Aim of the exercise. Repeat the listing word for word. Leave every picture out.

Data provided.
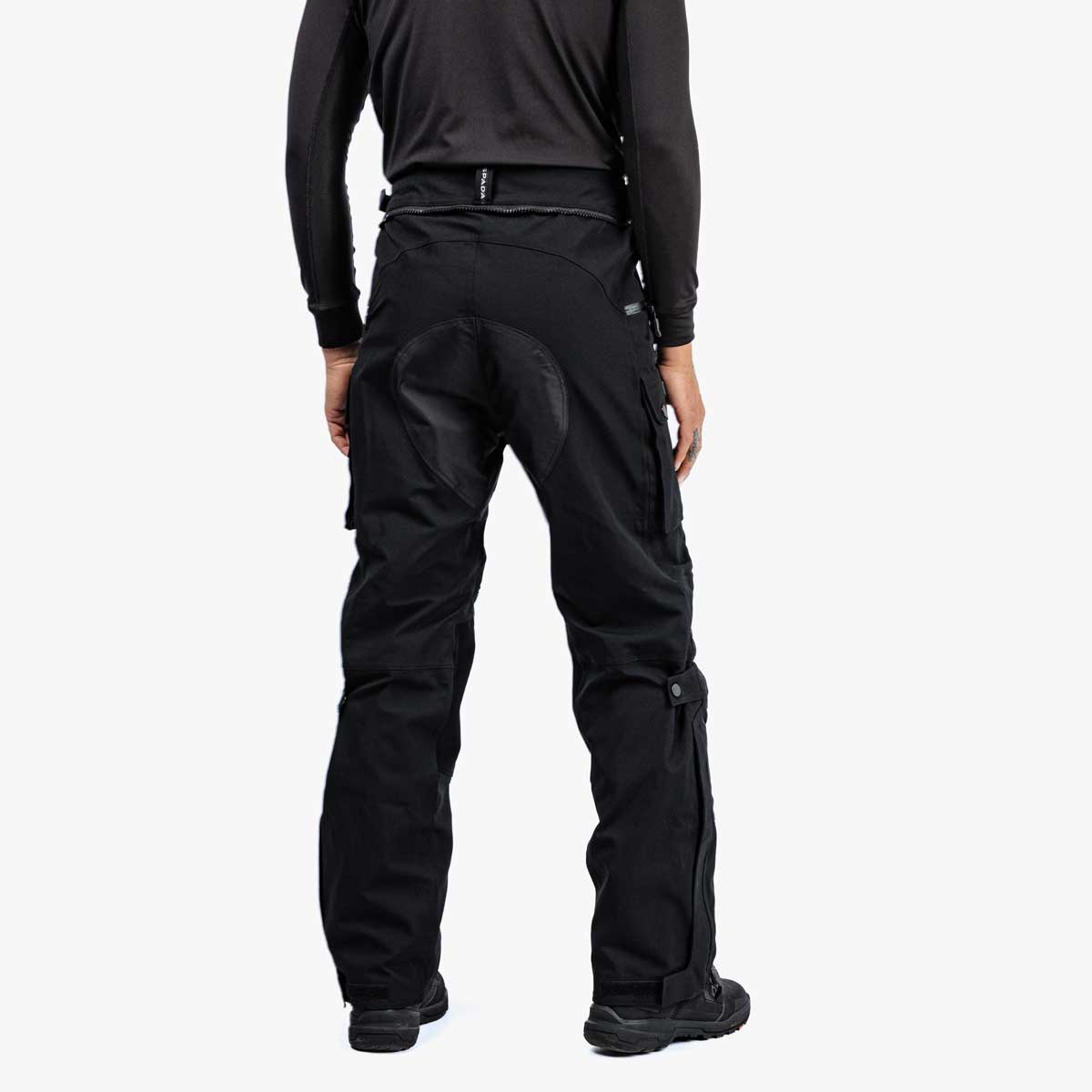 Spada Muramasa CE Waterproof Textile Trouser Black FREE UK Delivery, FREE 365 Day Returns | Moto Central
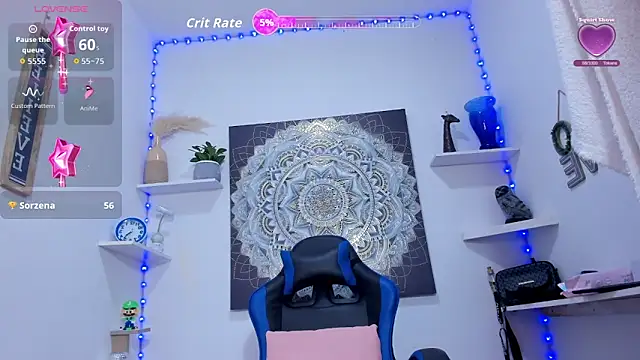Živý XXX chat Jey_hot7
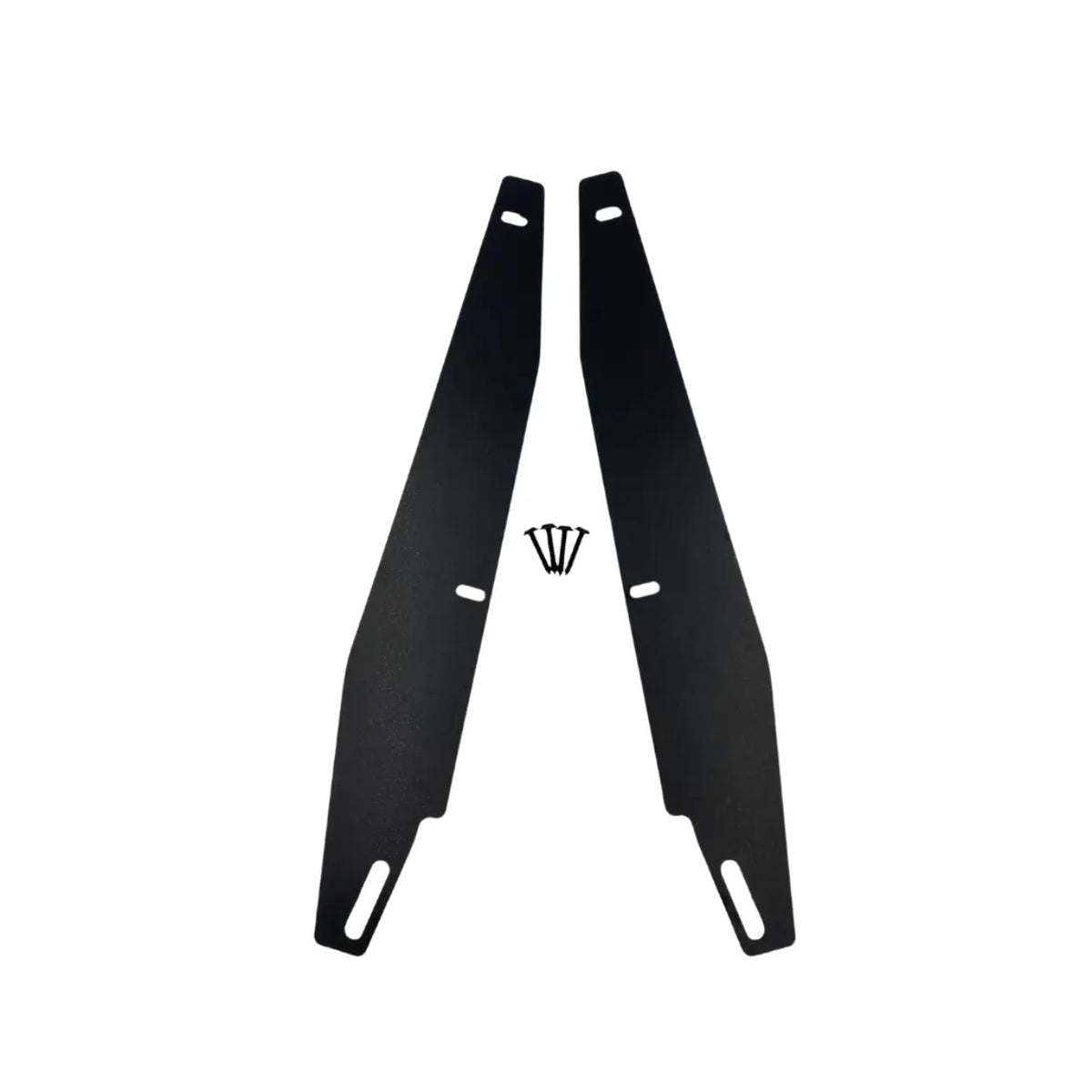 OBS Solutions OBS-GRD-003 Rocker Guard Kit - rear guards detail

Answer to this problem.
 Spada Muramasa CE Waterproof Textile Trouser Black FREE UK Delivery, FREE 365 Day Returns | Moto Central
Živý XXX chat Jey_hot7
 OBS Solutions OBS-GRD-003 Rocker Guard Kit - rear guards detail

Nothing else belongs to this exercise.